Even then, resources are made available to families who cannot afford to cover these fees. FDCF does their best to cover the administrative costs of an adoption if that’s what it takes to get a child into their forever home. Furthermore, the state continues to offer financial support for families seeking to adopt a child out of foster care. Most prominently, all of Florida’s children adopted from the foster system are eligible to receive free tuition at any Florida state higher-education institution up until the age of 28. This includes all Florida public universities, community colleges, and technical or vocational schools. Some private schools also offer free tuition for children adopted out of foster care as well.
Florida then continues to offer financial support to offset the immediate costs incurred by adopting through monthly subsidies. Most families that adopt through the public system will qualify for a monthly subsidy through “Florida’s Adoption Assistance Program” until the child turns 18. The specific amount is determined on a case by case basis, but FDCF does all they can to make every adoption a secure reality. Moreover, all children whose families receive the subsidy will qualify to receive health care through Medicaid until the age of 18 as well.
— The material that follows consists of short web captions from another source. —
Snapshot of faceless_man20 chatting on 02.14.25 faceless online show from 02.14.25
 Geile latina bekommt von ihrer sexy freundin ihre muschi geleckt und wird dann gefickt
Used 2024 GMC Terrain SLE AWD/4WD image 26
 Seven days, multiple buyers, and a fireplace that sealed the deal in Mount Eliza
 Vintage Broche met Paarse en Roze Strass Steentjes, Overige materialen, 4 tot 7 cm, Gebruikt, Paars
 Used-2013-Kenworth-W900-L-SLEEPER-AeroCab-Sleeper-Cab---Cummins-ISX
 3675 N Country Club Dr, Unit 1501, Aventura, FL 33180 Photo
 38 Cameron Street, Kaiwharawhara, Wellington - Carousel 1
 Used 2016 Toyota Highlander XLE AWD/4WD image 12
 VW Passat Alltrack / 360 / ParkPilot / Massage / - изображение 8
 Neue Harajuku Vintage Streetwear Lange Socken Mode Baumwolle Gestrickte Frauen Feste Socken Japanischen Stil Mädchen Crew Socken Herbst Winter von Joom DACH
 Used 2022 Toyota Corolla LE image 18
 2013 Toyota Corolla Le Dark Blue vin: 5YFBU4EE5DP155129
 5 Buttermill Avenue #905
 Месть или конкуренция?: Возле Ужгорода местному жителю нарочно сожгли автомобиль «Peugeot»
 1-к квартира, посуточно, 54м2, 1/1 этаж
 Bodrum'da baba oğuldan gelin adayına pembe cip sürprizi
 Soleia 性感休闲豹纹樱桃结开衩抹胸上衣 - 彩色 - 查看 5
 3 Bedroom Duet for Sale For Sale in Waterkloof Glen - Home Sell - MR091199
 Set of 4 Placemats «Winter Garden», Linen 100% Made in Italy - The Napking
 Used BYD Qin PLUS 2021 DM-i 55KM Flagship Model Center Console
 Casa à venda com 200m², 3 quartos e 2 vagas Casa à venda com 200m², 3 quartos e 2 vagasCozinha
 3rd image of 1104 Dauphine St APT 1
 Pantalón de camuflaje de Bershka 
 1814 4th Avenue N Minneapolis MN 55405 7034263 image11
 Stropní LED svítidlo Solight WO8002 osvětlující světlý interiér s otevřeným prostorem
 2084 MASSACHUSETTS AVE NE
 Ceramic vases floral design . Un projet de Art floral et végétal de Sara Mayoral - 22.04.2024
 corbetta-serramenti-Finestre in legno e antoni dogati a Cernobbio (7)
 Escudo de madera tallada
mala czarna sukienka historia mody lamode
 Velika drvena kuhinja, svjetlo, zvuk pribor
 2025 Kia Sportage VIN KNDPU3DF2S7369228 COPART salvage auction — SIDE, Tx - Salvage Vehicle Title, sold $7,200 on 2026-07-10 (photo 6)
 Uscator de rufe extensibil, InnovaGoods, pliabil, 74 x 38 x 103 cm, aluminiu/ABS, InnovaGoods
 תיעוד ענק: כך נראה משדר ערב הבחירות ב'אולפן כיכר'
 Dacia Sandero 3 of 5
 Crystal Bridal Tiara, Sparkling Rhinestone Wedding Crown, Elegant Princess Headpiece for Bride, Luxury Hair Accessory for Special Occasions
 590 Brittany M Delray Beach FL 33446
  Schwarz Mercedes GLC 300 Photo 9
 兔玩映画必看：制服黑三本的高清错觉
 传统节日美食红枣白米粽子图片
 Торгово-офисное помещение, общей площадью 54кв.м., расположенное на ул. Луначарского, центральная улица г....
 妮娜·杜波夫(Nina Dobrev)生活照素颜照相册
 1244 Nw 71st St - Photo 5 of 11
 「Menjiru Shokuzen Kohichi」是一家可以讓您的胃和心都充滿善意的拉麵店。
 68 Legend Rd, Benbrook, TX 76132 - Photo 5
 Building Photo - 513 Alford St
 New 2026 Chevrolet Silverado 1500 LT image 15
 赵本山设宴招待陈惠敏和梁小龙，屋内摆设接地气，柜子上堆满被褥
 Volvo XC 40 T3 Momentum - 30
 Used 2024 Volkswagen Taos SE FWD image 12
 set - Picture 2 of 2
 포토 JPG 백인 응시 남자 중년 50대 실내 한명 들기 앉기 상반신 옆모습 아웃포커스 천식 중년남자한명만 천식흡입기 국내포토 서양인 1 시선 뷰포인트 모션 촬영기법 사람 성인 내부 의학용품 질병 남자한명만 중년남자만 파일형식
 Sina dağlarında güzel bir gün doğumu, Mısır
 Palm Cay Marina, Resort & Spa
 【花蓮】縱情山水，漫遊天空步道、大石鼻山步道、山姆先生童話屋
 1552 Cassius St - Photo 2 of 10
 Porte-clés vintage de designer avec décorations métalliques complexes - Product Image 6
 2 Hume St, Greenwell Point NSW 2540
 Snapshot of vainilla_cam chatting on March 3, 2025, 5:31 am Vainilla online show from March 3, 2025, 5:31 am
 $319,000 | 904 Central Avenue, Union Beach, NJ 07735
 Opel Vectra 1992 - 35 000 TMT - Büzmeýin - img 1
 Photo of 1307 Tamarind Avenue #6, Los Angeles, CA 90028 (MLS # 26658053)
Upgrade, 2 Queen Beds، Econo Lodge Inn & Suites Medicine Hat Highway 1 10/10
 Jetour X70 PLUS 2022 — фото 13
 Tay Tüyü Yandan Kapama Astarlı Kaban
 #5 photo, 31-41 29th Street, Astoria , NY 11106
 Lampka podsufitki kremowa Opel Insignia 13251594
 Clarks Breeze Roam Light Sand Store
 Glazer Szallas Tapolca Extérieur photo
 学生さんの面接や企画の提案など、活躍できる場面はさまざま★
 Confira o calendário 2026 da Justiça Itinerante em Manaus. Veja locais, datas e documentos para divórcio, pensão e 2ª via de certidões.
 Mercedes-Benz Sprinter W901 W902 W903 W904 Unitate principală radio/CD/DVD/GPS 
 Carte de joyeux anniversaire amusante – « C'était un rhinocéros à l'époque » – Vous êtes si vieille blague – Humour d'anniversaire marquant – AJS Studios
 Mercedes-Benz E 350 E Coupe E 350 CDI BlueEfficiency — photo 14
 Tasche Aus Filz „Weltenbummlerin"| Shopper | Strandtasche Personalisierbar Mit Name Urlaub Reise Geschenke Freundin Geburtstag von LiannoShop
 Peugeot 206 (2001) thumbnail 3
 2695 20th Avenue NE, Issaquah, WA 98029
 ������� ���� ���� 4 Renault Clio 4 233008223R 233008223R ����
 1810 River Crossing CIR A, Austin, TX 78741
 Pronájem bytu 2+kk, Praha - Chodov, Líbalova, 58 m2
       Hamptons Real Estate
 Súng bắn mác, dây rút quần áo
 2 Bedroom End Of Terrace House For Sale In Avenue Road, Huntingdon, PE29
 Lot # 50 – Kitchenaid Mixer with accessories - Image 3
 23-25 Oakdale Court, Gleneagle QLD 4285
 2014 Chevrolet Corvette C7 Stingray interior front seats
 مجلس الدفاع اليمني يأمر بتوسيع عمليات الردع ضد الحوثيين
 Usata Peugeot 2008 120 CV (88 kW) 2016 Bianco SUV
Beyond the state level, the federal system offers a final financial resource to offset immediate adoption costs and to encourage families to take on another member. As of 2015, tax credits up to $13,400 per child were allotted to families who adopted through their state’s public system. The tax credit is not a refundable credit, and therefore can only be refunded if the filer has federal income tax liability. But it still serves as a gracious resource to help families offset the necessary expenses encountered when giving a child the chance to join them.
On the importance of adopting children out of foster care, Jackson says “Our kids need a loving home, regardless of what types or trauma they’ve been through… and to have that attachment to someone so they can be a part of a family.”